Selasa, 15 Mei 2012

Belanda ke Indonesia Dulu, untuk apa?

Mengambil gambar di sini

Belanda. Apa yang terlintas di benak Anda jika saya menyebut negara ini?

Saya sempat menanyakan hal serupa pada beberapa kawan. Jawabannya cukup beragam dan tak ada yang dominan. Benteng, tulip, kincir angin, dan penjajah. Tak ada satupun yang menjawab Vereegnigde Oostindische compagnie (VOC). Padahal, saat ditanya apa yang terlintas di benak saya tentang Belanda, jawaban saya ya hanya tiga huruf ini, VOC.

Tahun 2012 ini VOC memperingati hari jadi ke 410 tahun karena telah berdiri sejak 1602 silam.
VOC menjadi simbol keberhasilan Belanda kala itu, yang mampu menciptakan sebuah perusahaan multinasional dengan cengkraman mendunia. Hebatnya lagi, Belanda seakan menjadi kuda hitam di tengah dominasi negara besar Inggris, Spanyol dan Portugis, terutama dalam hal penjelajahan dan mengarungi dunia baru kala itu.

Bagi Belanda, VOC merupakan kekayaan sejarah yang membanggakan.VOC  dianggap telah membawa kemakmuran. VOC juga menjadi monumen keberhasilan Belanda akan kemampuannya menjelajahi dunia dan turut serta menyumbang berbagai hasil penelitian pada permulaan abad ke-17. Generasi muda saat ini mengenal VOC sebagai karya leluhur yang membawa kejayaan di masa lampau. Bahkan, terkait dengan Indonesia, hingga saat ini banyak penduduk Belanda yang menganggap kedatangan Belanda ke Tanah Air adalah mengusung semangat positif, diantaranya:
(1) Men-civilized-kan orang-orang Indonesia yang masih primitif;
(2) Memberi kemakmuran kepada orang-orang Indonesia yang masih terbelakang;
(3)  Mempersatukan orang-orang Indonesia yang selalu berkelahi antar mereka;
(4) Memberi pendidikan dan kemajuan rakyat indonesia, dan
(5) Kedatangan VOC ke Indonesia semata-mata untuk berdagang saja.

Itulah pandangan sekilas mengenai VOC dari sudut pandang warga Belanda.
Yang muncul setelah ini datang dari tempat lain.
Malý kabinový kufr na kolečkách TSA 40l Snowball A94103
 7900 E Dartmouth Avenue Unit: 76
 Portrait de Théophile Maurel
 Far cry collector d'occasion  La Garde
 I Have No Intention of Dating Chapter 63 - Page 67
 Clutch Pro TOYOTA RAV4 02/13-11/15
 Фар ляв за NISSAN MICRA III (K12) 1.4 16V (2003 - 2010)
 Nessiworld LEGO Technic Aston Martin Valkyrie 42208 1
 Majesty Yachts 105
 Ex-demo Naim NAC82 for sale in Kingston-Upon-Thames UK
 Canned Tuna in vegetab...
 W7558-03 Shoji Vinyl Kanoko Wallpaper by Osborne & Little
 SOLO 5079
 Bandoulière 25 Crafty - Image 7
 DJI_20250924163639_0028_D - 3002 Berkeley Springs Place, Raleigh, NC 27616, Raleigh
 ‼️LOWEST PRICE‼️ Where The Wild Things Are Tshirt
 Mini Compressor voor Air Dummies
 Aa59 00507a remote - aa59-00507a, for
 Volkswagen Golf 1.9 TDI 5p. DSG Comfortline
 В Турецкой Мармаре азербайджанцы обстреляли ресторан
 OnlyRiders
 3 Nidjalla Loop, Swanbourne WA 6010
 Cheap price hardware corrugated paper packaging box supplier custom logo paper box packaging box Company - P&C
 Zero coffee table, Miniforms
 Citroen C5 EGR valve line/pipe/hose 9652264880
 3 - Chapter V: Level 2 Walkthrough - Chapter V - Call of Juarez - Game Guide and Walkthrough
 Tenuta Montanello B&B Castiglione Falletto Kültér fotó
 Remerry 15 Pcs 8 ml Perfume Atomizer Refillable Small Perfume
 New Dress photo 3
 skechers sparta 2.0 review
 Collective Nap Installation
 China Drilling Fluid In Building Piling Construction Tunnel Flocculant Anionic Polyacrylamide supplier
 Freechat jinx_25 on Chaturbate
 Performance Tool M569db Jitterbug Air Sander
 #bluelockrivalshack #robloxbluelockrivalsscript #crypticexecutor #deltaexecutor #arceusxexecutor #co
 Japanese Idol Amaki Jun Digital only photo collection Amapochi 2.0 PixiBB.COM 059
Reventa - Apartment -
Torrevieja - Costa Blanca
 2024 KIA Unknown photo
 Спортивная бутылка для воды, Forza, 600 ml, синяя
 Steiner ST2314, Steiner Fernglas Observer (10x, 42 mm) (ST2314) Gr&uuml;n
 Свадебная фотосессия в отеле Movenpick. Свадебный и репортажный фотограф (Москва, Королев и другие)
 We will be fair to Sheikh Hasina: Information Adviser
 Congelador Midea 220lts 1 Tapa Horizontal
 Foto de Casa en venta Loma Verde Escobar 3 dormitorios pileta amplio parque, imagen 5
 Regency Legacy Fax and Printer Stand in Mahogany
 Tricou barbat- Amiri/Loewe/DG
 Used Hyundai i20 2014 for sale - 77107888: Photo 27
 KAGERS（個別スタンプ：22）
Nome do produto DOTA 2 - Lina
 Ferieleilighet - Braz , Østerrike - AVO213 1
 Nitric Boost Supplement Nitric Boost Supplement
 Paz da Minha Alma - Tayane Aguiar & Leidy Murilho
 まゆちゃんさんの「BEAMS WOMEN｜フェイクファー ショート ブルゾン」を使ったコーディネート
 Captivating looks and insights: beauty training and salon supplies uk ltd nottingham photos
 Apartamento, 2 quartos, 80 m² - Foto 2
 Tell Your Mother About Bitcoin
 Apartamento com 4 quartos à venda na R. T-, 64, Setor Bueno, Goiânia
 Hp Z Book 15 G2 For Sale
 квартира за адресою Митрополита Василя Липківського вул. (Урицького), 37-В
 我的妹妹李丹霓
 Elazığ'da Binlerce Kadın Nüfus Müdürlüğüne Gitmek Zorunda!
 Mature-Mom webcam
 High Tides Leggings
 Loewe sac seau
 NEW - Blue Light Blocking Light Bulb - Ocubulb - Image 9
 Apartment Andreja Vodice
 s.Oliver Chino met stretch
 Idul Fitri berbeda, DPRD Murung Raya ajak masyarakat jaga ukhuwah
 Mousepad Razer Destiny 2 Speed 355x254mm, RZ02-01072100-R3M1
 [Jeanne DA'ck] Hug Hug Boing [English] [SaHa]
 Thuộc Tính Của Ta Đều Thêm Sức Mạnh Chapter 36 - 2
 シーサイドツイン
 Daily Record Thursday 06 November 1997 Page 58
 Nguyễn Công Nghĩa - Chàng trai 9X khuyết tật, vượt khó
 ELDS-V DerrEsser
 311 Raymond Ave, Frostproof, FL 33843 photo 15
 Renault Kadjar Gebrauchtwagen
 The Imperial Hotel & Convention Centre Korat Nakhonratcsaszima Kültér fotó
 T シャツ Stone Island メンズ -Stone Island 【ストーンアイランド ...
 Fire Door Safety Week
Apakah Anda menyetujuinya?

Saya pribadi tidak sepaham. Bagaimanapun, kehadiran VOC di Indonesia tidak dapat dipisahkan dari kolonialisme Belanda di Indonesia. Kurikulum pendidikan sejarah di Indonesia bercerita betapa dahulu kala, negeri makmur sentosa ini harus rela memberikan kesejahteraan yang direnggut paksa oleh Belanda. Belanda adalah penjajah, titik.

Memiliki pengalaman pahit, pernah menjadi negeri jajahan ini, mendorong Indonesia sebagai negara yang berdaulat dan membenci penjajahan. Tergambar dengan sangat jelas dalam Pembukaan Undang-Undang Dasar 1945 yang berbunyi “penjajahan di dunia harus dihapuskan”.

Tak cukup sampai di situ, dalam sikap berpolitik pun Indonesia memerangi kolonialisme dalam bentuk pengambilan sikap politik di kancah internasional dengan memilih jalan Politik Bebas Aktif.

Kembali pada persoalan dan kisah Indonesia-Belanda di jaman dulu kala. Bagaimana seharusnya generasi masa kini mengambil sikap? Bolehkah tidak peduli dan menganggap apa yang terjadi di masa lampu hanyalah sejarah untuk dikenang belaka? Atau malah memaafkan dengan tangan terbuka, memilih untuk membuka lembaran baru, menjalin relasi baru bernama persahabatan? Agakanya, jawaban kedua yang mendominasi saat ini. Tentu saja tak apa. Ini merupakan salah satu bentuk perdamaian dunia bukan?


*Tulisan ini mengambil buah pikiran dari Abdul Irsan yang pernah menjadi diplomat di Belanda.